If you’re investing in an advanced safety system, for example, it’s important to remember that the system relies on having the right brake spec to operate optimally. If the brakes aren’t being kept in good shape, all that ROI from the safety system goes out the window.
Take brake pads, for example. Montu Khokhar, NUCAP’s chief executive officer, stresses how important it is your trucks’ pads and friction are the best they can be.

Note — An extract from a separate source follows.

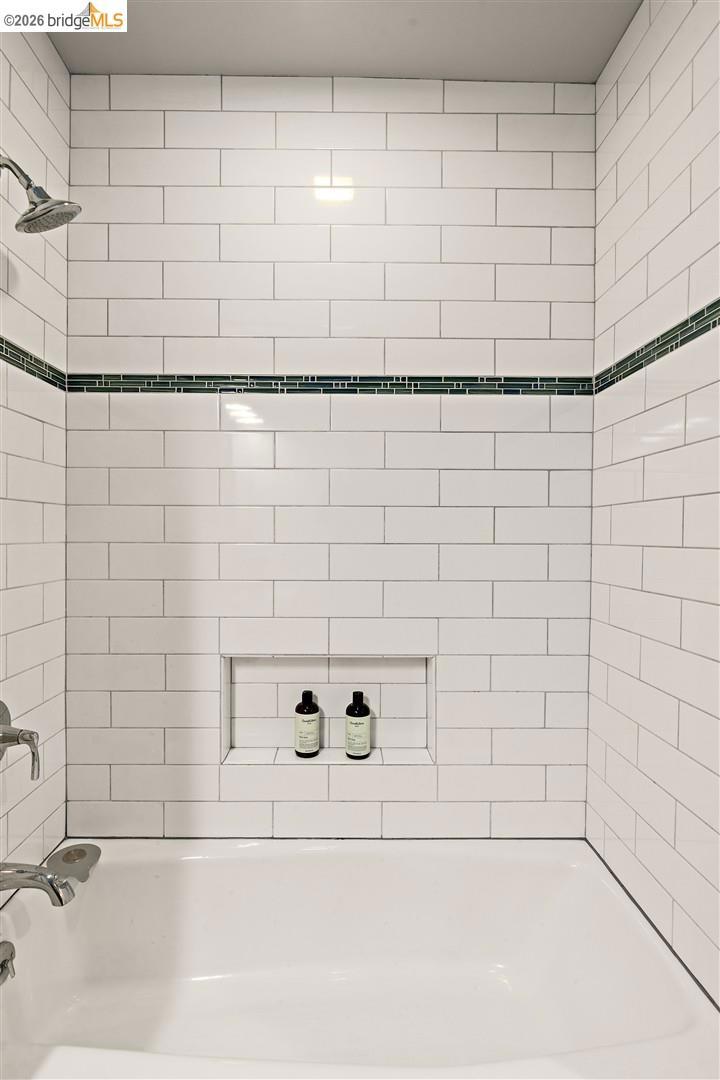 https://media.crmls.org/mediaz/28403970-e8ca-4550-8923-c50b755afae0.jpg?preset=X-Large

“You’re spending so much money on advanced safety systems, and your weakest link is right here,” he says, holding up a disc brake pad. “This is your weakest link. You could have the best brake assist system, but if you have no friction or a part of your friction missing, it doesn’t matter what you have there, because this,”—he shakes the brake pad to punctuate his point—“is what’s actually doing the job.”
Rust is a major threat to brake pad life as it causes them to break apart and fail before the end of the brake’s useful life. And yes, we’re not talking about just a worn down pad with an increased stopping distance—we’re talking about one that’s outright broken, unexpectedly increasing stopping distances when you thought there should be plenty of friction on the pad. (The brake pad pictured above is an example.)

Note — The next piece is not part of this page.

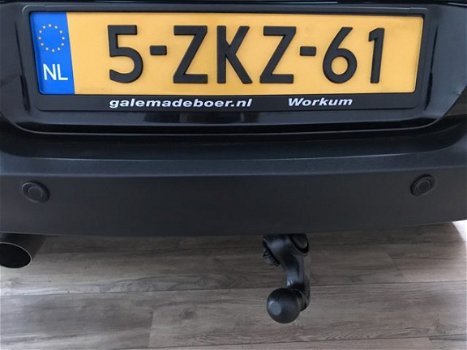 Volkswagen Tiguan - 2.0 TDI Sport&Style GROOT NAVI / STOELVERW / WEGKLAPBARE TREKHAAK / CLIMA / PARK - 1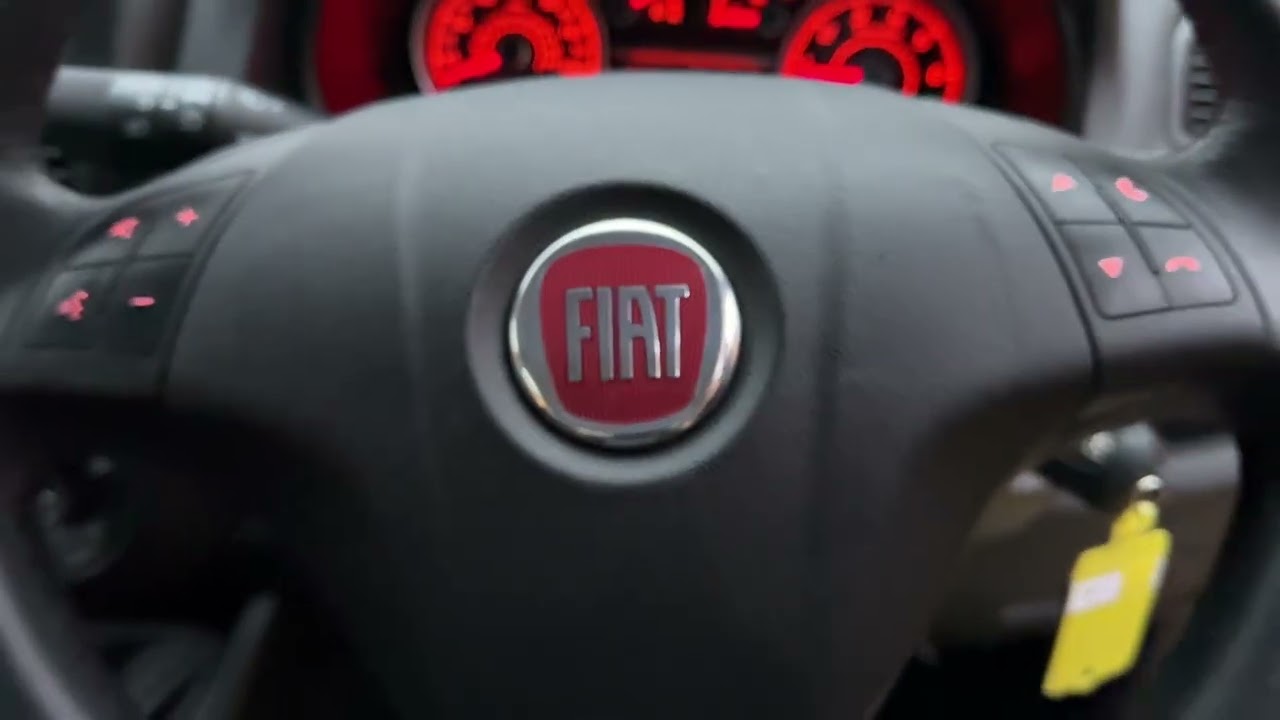 LJ23 XKD RED FIAT DOBLO WAV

“At the end of the day, this brake pad has to do all the work,” Khokhar says. “We’re talking about pushing the pad against the rotor that’s turning and creating heat. That’s the end result of what we’re doing here, and if that the pad friction is broken, the system has to compensate for that gap.”
According to the Global Brake Safety Council (GBSC), numerous field studies of used brake pads found that brake pads failing due to rust has increased from .1% in the early 2000s to 19% now in the automotive world. As Khokhar puts it: “You don’t learn anything from a new brake pad. You learn everything from something coming off the vehicle.”
He warns that rust and corrosion can impact medium- and heavy-duty brake pad applications as well.
“It’s not just the snow and salt that’s killing the pad and getting the rust going,” Khokhar says. “When you have a painted part with no pre-coating on it, as soon as it chips, now you have exposed steel. As soon as you have rust, it starts breaking apart the bond between the backing plate and the friction.”
For NUCAP’s part, it aims to tackle the issue with its recently introduced brake pad that sports galvanized steel, a process that prevents rusting, with NRS mechanical attachment. The galvanized steel replaced the paint to protect from rust and the NRS mechanical attachment reduces noise as well as improving brake pad life, according to Khokhar. The pads will have OEM fitment and mechanical attachment on light- and medium-duty trucks, including International, Kenworth, Peterbilt and Hino trucks, to name a few. Khokhar notes that Class 8 application is “the next logical step.”